NDP MP for Timmins—James Bay (Ontario)

Won his last election, in 2021, with 35% of the vote.

Statements in the House

Ethics June 10th, 2021

Mr. Speaker, the Liberal government spent a year stalling, filibustering and even shutting down Parliament, but it has not been able to hide the fact that the WE scandal did not come from the civil service. The scheme was politically driven by key political ministers to help their friends the Kielburger brothers.

In an unprecedented economic crisis, the Prime Minister turned key government departments into an open bar for his friends and cronies, and they in turn hired his relatives and flew his family and the finance minister around the world.

This question goes to the Prime Minister. During the WE scandal, Canadian students and the taxpayers were the losers.

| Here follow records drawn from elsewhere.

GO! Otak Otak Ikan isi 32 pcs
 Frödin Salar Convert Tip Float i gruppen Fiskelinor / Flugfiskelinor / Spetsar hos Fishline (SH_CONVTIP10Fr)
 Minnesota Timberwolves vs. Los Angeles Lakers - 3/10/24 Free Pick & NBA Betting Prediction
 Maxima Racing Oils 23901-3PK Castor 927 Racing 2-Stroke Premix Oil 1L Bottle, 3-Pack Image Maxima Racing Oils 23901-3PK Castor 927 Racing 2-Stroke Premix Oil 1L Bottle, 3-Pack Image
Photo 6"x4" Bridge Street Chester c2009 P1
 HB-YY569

When is he going to clean up the ethical mess in Ottawa and within his own ministries and cabinet?

Telecommunications June 8th, 2021

No.

Telecommunications June 8th, 2021

On a point of order, Mr. Speaker, I just want to confirm that it is the Conservative Party of Canada that is giving the Catholic Church a free pass this afternoon, so it—

Telecommunications June 8th, 2021

Mr. Speaker, I believe there have been consultations with other parties and if you seek it, I hope you will find unanimous consent for the following motion: That, in light of the horrific discovery at the former Kamloops Indian Residential School, the House reiterate the call it made in the motion adopted on May 1, 2018, and (a) invite Pope Francis to participate in this journey with Canadians by responding to call to action 58 of the Truth and Reconciliation Commission's report and issue a former papal apology for the role of the Canadian Catholic Church in the establishment, operations and abuses of the residential schools; (b) call on the Canadian Catholic Church to live up to its moral obligation and the spirit of the 2006 Indian Residential Schools Settlement Agreement and resume the best efforts to raise the full amount of the agreed-upon funds; and (c) call upon the Catholic entities that were involved in the running of the residential schools to make a consistent and sustained effort to turn over the relevant documents when called upon by survivors of residential schools, their families and scholars working to understand the full scope and horrors of the residential school system, in the interests of truth and reconciliation.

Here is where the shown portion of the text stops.